Publication year - 2010
Publication title -
steel research international
Language(s) - English
Resource type - Journals
SCImago Journal Rank - 0.603
H-Index - 49
eISSN - 1869-344X
pISSN - 1611-3683
DOI - 10.1002/srin.201000144
Subject(s) - syngas , magnetite , direct reduced iron , hematite , pellets , wüstite , coal , carbon monoxide , iron ore , chemical looping combustion , natural gas , hydrogen , tonne , methane , water gas shift reaction , reduction (mathematics) , iron oxide , chemistry , waste management , materials science , fluidized bed , metallurgy , engineering , catalysis , composite material , biochemistry , organic chemistry , geometry , mathematics
The concept of DRI is understood as reduction of iron ore (oxide) without the occurrence of a liquid phase, and where the means of reduction is either coal or natural gas. This method for making iron has existed since the Iron Age, but had its renaissance in the 1960s. Today's DRI production is of a magnitude of 60 million metric tons a year, and is rapidly growing. The MIDREX® and HyL® processes are based on reduction in a packed bed (shaft furnace), something that requires the ore to be pelletized. The reduction of fine grain ore directly, typically fluidized beds with multiple reactors in series like in the FINMET® process, constitutes another process family. In both cases the gas doing the reduction‐work will be a synthesis‐gas (SynGas/SG), but with variations in the H 2 /CO‐ratio from process to process. Use of the top‐gas from the reduction as an oxygen source in the SynGas generation is common. Mathematical modelling is considered essential for development and optimization of such processes.
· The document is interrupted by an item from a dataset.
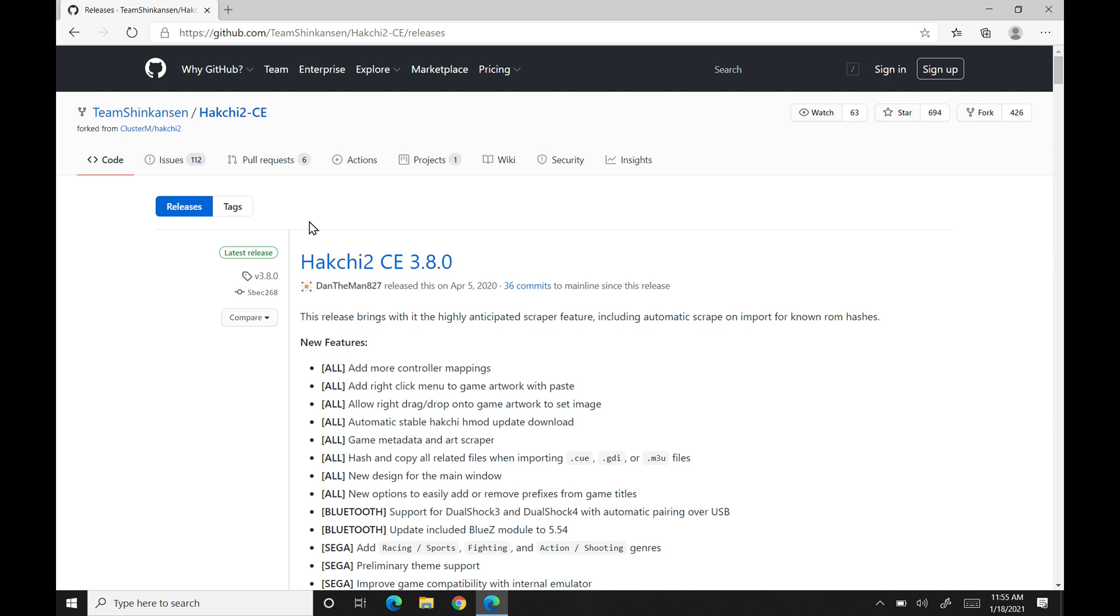Alright, so here we are on our PC. I'll actually have a link to the GitHub for this, so don't even worry about that. So we're downloading HackG2.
Reduction of single pellets can be described using various models, e.g. the well known Shrinking Core Model (SCM). The classical SCM needs to be modified both with respect to the solids to include the intermediate products magnetite and wüstite that exist between hematite and metallic iron, but also with respect to the gas to handle two different reactants; hydrogen and carbon monoxide, and should also include the possible internal gas reactions like the water gas shift reaction (WGSR). The use of oxygen potentials can replace gas compositions in modelling of such systems. In this paper a model for the reduction of a single iron ore pellet is described; and further a description is given of how such a model is incorporated into a full process model as well as experimental methods of how to determine model parameters.